Archives for posts with tag: wave action

When I was growing up in the Central Valley of California, I often eschewed the agricultural aspects of life there. My hometown of Davis is relatively large (if not the largest) compared to other towns in Yolo County and, more significantly, is host to a campus of the University of California, for which both of my parents worked. Yes, UCD is an ag school—it was originally known as the Farm—but for us it represented the intellectual side of life and it was in this direction that I was aligned.

As I’ve gotten older, I’ve come to better appreciate the valley’s agricultural heritage. And since starting a backyard vegetable garden three years ago, my understanding of and appreciation for farming and the industry as a whole has been steadily increasing. So, while visiting my family this weekend (we were long overdue; see October 19, 2012; October 21, 2012; and October 24, 2012 for tales of our last trip), I decided to embrace my inner farm boy and take in a couple of the agrarian attractions that the valley has to offer.

Our first stop this morning—with my brother along—was the Heidrick Ag History Center in Woodland, the seat of Yolo County. Housed in two large warehouse buildings and connected by corridors at each end which create a central courtyard, the agricultural museum tells the story of farming in the valley through an expansive collection of farm equipment and associated lore.

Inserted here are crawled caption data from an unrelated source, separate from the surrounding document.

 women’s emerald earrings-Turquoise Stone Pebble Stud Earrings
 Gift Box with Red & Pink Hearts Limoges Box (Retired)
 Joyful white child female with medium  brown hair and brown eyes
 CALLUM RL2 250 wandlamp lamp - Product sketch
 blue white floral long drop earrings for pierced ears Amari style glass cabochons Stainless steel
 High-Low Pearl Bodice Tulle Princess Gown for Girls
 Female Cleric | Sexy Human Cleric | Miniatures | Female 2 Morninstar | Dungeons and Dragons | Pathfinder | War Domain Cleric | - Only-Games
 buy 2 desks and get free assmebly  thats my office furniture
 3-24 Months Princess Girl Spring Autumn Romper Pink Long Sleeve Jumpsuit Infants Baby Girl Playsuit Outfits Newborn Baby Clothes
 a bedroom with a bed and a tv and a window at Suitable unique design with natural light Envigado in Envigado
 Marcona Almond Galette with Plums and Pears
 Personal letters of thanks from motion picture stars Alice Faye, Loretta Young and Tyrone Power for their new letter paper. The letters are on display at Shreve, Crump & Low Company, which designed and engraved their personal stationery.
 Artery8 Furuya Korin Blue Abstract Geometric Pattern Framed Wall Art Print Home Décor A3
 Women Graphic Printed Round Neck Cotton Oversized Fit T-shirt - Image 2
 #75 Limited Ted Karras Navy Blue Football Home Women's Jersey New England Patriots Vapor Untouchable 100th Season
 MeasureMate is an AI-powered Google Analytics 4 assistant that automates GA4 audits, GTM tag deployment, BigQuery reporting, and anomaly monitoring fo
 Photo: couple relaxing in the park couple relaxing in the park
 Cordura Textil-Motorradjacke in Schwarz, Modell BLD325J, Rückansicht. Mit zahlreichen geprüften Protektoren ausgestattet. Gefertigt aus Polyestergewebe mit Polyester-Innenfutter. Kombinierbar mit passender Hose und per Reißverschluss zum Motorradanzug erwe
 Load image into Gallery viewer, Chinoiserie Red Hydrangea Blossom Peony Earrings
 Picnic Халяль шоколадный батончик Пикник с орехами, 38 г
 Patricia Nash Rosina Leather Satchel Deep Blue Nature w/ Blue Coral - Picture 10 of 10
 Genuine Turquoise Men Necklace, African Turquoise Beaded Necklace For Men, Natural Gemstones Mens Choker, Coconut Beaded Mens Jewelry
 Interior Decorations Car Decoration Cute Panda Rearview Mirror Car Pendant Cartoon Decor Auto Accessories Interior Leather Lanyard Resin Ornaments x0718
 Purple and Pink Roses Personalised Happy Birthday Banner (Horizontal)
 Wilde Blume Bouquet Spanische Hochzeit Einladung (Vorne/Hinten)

The artifacts span more than a hundred years in age and include manual implements, horse- and mule-drawn plows and wagons as well as tractors and harvesters powered by steam or diesel engines. The steam-driven tractors are particularly impressive. One example has drive-wheels that are eight feet in diameter; its boiler is the size of a small shed and its chimney reaches almost to the ceiling. It must have been a wonder to behold when new.

The east building was chock-full of equipment, all impeccably restored and painted in bright colors. (The tractors would have been fun to climb on, had it been allowed.) The west building had previously housed a collection of antique trucks but its owners (who rented space from the History Center) recently moved it to another facility. Sadly (and inexplicably), I did not take any pictures.

Our second foray took us into the heart of the valley itself. The Yolo Bypass is a narrow but huge (hundreds of thousands of acres) strip of land running north-south between the cities of Davis and Sacramento. Parallel to the Sacramento River and surrounded by levees, the bypass acts as a detention pond for excess river flow that would otherwise flood the valley and its cities. After filling with water, the bypass slowly drains into the river downstream and thence into the delta.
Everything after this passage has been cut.